_ACTIVITY_.
In the records below, count each line where the word "morcegos" appears, and reply with that number only.

Extracted records
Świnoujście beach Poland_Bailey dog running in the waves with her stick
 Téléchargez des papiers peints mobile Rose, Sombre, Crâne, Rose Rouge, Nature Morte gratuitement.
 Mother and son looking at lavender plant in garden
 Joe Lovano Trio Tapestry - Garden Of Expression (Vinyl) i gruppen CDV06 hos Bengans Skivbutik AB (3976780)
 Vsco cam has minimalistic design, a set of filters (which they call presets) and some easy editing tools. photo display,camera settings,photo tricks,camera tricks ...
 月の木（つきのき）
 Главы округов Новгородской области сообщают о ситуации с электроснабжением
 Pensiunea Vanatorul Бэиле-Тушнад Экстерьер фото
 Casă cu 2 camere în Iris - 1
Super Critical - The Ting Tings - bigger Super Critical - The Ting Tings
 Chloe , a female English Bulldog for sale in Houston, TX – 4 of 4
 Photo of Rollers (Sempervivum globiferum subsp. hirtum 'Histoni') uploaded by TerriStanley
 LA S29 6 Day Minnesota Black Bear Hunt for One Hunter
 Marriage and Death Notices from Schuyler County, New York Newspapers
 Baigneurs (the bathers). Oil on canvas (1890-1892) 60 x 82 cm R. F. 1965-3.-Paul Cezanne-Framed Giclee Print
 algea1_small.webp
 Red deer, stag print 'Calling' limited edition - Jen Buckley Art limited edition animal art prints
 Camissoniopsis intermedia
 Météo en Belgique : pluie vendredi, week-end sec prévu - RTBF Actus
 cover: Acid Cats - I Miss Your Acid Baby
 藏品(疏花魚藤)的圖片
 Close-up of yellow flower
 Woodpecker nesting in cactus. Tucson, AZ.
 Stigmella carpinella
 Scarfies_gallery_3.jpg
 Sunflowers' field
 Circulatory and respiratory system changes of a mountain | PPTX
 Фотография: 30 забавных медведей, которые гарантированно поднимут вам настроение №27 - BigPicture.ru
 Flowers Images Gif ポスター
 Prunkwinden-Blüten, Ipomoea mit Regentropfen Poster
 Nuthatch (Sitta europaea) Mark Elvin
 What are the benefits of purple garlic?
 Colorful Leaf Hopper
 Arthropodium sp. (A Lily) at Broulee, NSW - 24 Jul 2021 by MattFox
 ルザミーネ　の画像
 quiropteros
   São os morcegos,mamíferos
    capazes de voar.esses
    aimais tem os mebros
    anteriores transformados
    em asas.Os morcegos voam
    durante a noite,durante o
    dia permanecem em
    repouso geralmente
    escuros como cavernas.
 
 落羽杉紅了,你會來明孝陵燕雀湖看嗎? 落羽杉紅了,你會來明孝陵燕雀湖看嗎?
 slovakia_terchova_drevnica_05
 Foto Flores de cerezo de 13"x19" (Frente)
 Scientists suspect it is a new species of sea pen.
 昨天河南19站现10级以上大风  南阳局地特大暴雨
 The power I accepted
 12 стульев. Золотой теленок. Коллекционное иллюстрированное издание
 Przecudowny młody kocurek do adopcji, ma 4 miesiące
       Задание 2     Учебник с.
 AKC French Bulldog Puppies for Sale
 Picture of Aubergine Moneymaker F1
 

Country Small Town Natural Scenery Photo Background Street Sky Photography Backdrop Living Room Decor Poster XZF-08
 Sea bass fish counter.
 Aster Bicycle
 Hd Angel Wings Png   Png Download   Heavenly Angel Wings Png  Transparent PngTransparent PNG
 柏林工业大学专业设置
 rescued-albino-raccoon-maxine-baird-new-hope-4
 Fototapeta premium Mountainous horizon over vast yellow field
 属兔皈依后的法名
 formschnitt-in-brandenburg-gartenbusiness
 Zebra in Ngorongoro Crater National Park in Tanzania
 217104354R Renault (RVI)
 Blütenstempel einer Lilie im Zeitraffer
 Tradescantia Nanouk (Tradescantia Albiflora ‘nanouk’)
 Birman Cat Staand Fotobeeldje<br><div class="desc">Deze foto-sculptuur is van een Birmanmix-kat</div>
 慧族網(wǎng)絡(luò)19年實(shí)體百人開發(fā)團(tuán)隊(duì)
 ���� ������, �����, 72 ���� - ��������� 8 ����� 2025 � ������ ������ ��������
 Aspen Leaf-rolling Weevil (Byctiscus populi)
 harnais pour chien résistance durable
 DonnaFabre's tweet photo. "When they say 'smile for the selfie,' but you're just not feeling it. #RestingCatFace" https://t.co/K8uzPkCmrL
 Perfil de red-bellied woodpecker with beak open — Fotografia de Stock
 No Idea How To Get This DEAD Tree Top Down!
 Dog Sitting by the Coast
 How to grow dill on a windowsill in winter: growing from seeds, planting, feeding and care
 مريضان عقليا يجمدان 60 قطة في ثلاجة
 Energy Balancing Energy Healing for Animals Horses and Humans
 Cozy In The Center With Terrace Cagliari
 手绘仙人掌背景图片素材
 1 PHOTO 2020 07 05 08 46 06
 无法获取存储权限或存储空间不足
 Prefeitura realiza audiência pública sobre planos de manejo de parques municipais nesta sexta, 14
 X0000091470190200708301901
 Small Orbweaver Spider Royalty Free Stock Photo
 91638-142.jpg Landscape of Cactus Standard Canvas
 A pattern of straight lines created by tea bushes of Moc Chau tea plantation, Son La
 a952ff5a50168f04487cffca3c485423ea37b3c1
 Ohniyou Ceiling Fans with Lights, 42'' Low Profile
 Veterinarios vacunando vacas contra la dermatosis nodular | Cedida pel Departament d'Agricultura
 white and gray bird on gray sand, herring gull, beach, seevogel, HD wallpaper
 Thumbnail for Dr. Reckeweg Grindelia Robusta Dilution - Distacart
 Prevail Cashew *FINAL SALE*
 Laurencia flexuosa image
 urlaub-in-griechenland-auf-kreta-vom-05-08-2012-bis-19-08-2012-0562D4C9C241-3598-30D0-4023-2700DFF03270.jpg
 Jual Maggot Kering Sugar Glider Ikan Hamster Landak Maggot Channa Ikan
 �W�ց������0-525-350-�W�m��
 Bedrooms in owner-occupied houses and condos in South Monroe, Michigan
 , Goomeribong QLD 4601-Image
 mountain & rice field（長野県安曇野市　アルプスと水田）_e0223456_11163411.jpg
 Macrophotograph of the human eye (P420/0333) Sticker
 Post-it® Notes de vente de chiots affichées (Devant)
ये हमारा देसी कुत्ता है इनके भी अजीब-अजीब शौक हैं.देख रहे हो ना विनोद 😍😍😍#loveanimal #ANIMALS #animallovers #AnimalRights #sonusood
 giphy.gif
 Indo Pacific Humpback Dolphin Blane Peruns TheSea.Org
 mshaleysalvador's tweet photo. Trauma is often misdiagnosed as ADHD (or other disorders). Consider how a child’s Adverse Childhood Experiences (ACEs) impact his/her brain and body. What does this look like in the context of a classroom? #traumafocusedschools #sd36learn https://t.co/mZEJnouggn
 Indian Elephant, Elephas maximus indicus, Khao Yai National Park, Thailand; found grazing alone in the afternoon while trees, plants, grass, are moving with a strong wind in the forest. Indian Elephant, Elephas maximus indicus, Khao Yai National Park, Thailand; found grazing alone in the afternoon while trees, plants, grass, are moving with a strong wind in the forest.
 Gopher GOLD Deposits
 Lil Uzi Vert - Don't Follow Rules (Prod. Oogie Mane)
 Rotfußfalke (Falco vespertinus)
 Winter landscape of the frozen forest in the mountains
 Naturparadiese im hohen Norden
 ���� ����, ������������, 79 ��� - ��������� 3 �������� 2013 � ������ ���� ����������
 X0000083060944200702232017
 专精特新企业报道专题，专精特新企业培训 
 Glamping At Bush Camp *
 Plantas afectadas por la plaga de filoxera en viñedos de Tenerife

_EXERCISE RESULT_.
2